Assuming $\zeta (1+it)\ne 0 , \forall t\in \mathbb R$ , is there an easy proof that $L(1+it , \chi ) \ne 0 , \forall t\in \mathbb R$ where $\chi$ is any non principal Dirichlet character ?

Answer 1

$$\log L(s,\chi) = \sum_{n=1}^\infty \frac{\Lambda(n)}{\log n} \chi(n) n^{-s}, \qquad \qquad\sum_{\chi \bmod q} \chi(n) =\varphi(q) 1_{n \equiv 1 \bmod q}$$ $$F(s) = \prod_{\chi \bmod q} L(s,\chi), \qquad\qquad \log F(s) = \sum_{\chi \bmod q} \log L(s,\chi) = \varphi(q)\sum_{n=1}^\infty \frac{\Lambda(n)}{\log n} 1_{n \equiv 1 \bmod q} n^{-s}$$ Once you proved $L(1,\chi)\ne 0$ for each non-principal $\chi \bmod q$ you get that $F(s)$ is analytic for $\Re(s) > 0$ except a simple pole at $s=1$.

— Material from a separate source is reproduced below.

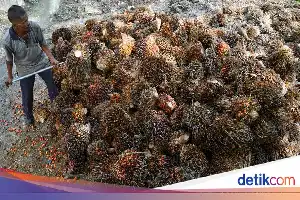 Dorong Kemandirian Pangan, Pemerintah Perkuat Peran Koperasi dalam Hilirisasi Sawit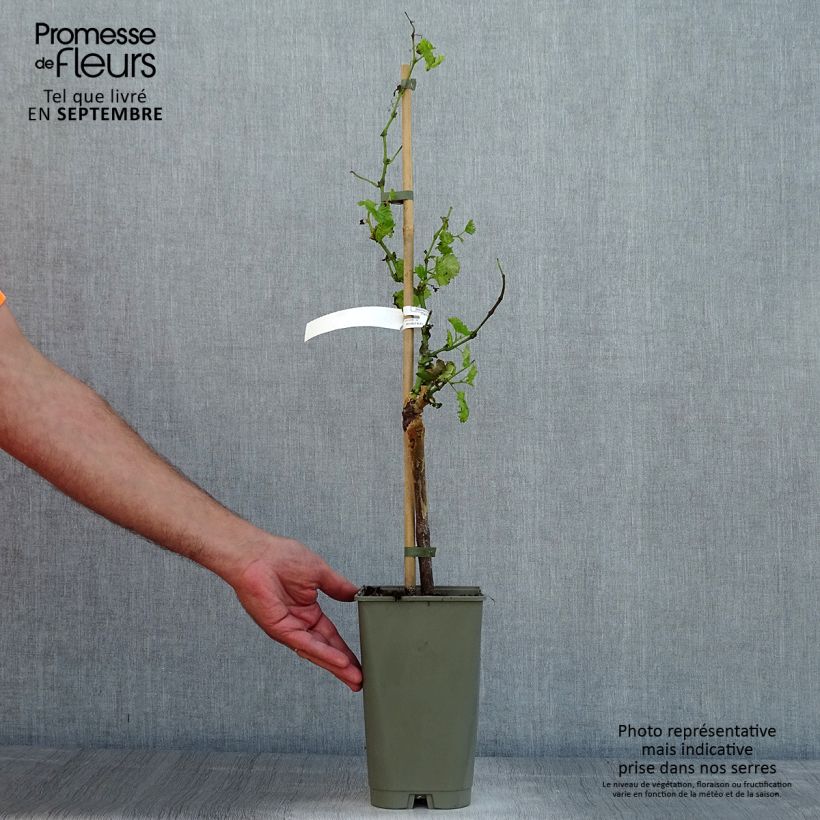Spécimen de Vigne Dattier de Beyrouth Pot de 1,5L/2L tel que livré en été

Also $\log F(s)$ is a Dirichlet series with non-negative coefficients and it is analytic for $\Re(s) > 1$.

Thus the same argument $2(1+\cos \phi)^2 \ge 0$ as for $\zeta(s)$ applies to obtain $F(s) \ne 0$ for $\Re(s) \ge 1$

which implies $L(s,\chi) \ne 0$.

Finally $\frac{L'}{L}(s,\chi) = \mathcal{O}(\log^k s)$ for $\Re(s) > 1-\frac{A}{1+|\log |\Im(s)|}$ and Mellin inversion lets us prove the prime number theorem in arithmetic progessions.